For 14 years now, the two husband-and-wife teams of GG’s Bistro have managed to keep the life in the main level of this 540 South Coast Highway complex.

GG’s Bistro came about when two brothers, Bulent and Ragip Gundogar, decided it was time to get out of their successful fencing factory business in Turkey and do something else. In fact, not only were they ready to do something else, they were ready to move somewhere else, too.

In 2004, the brothers moved here with their wives (Hande with Bulent and Franziska with Ragip) to open a restaurant … a new enterprise for all four.

While GG’s has become a locals’ favorite for lunch, happy hour (M-F) and dinner, I love GG’s for Sunday morning breakfast. It’s the only day they serve breakfast, and it feels like a special treat every time I wake up on Sunday morning with the prospect of GG’s in my mind. For me, it feels that I’ve nestled myself into a streetside café in Europe.

History  Behind Turkish Coffee …
This past Sunday, I joined my dear friend, Angelina Altishin, and a family friend, James, who was fresh in from Turkey and looking for a tech-related job. Quite by accident, I ordered the Turkish coffee, and I was in for an education from my Turkish friends!

It arrived in a tiny silver “shot glass” with an equally tiny lid. This little bugger, though, packs quite wallop.

It arrived with quite a history, too.

Turkish coffee was first brought to Istanbul in the 16th century by Syrian traders. Initially, it was reserved for royalty with elaborate ceremony by as many as 40 royal coffee makers per sitting.

How the Rest of Us Watered it Down
In short order, the brewing of Turkish coffee became a test of suitability for prospective brides as they were judged on the quality of their brew. As time went on, it turns out women got the last word in, brewing sweet coffee to indicate they were happy with the choice of their prospective groom, or brewing the bitter coffee “as is” to indicate unhappiness, thus the origination of the saying, “leaving a bitter taste in one’s mouth.”

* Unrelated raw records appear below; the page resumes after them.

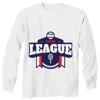 Youth Authentic-T Long-Sleeve T-Shirt Thumbnail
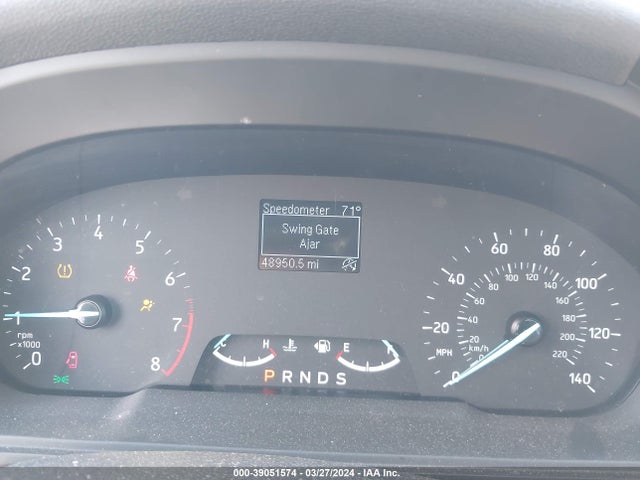 Ford ECOSPORT S 2021 MAJ3S2FE6MC397858 Image 7
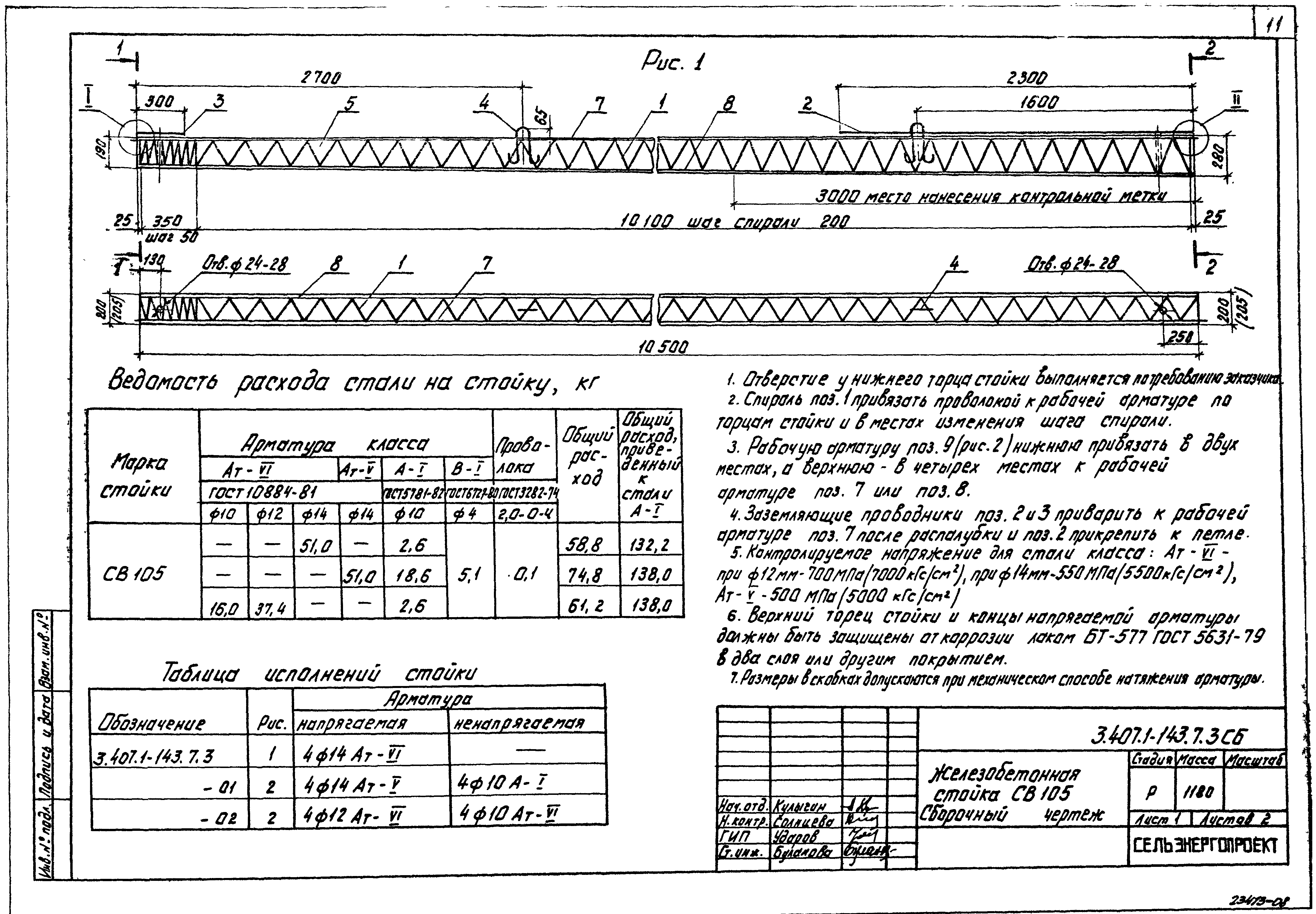 Серия 3.407.1-143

The rich brew (one cup of water, two full teaspoons of coffee boiled until it perfectly foams) eventually found its way to Austria and France, where it’s said milk and cream was first added to dilute its strength (café  latte or au lait).

In World War I, American soldiers were introduced to the bitter brew and, while they preferred it over their instant Folgers, they watered it down significantly, creating the first “Americano.”

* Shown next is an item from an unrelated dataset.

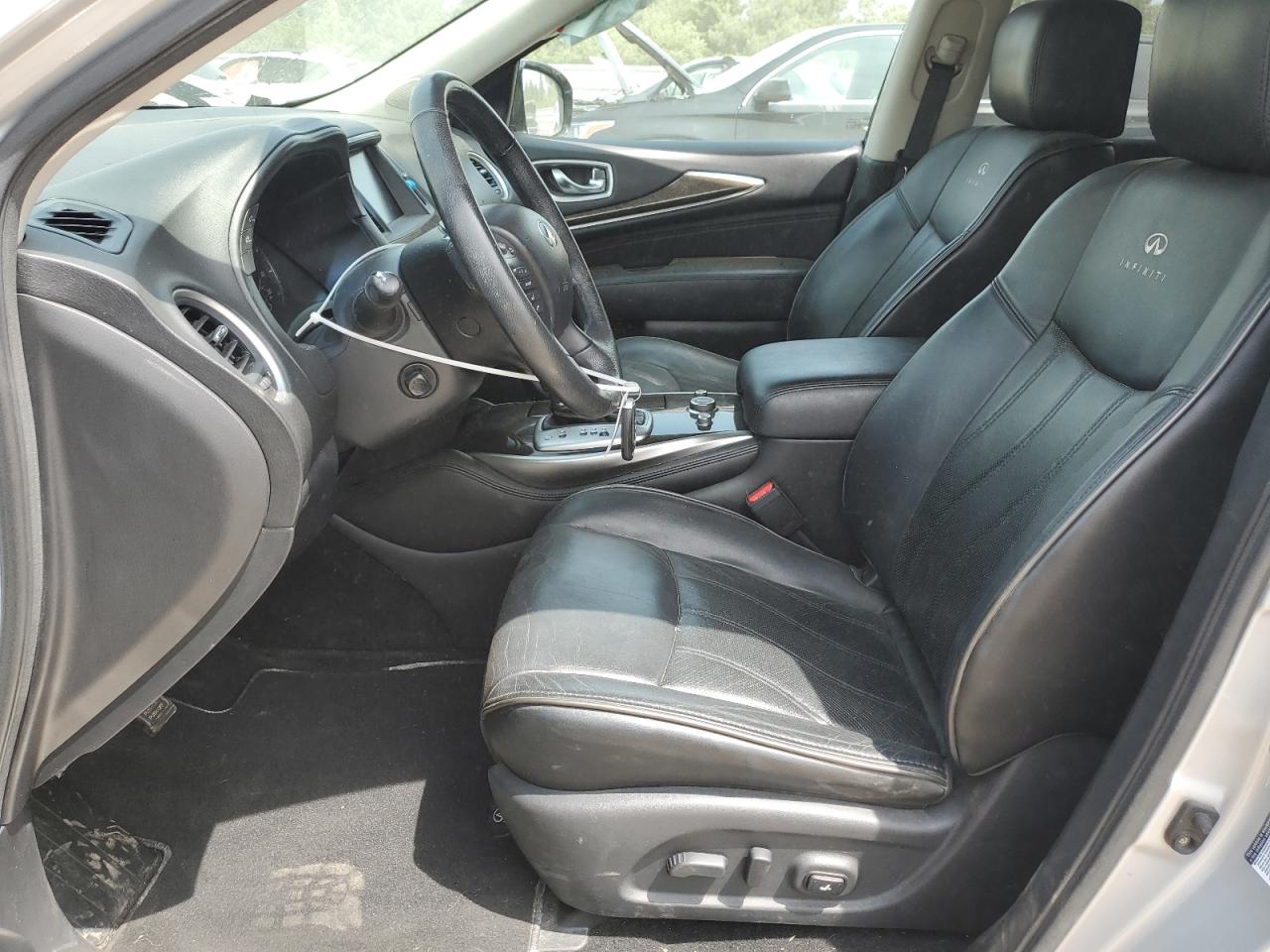 2013 Infiniti Jx35 VIN: 5N1AL0MMXDC334402 Lot: 59037825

A Fortune in the Coffee Grounds
When you’ve finished sipping Turkish coffee, you’re only halfway there. For centuries, many fortunes have been read from the muddy sediment left at the bottom of the cup.

Place the silver saucer atop the cup, swirl it three times clockwise at heart level, then place it on the table and carefully pick up the overturned cup. The sediment that streams onto the saucer is important as it represents a reading for your home and love life. The cup reading focuses on business, work, investments and any sort of evil eye coming to the surface.
Turkish cup fortune-telling always starts from the cup’s handle, moving from right to left if the person is right handed, and left to right if left handed. There are three types of reading (5-section, 4-section or 2-section), all dependent on how the reader has learned from his or her generations prior.

You can go online to find more than 30 of the most well-known Turkish coffee symbols or, wonder of all wonders, download the app while you sit (with a caffeine buzz) in this peaceful little patio of GG’s.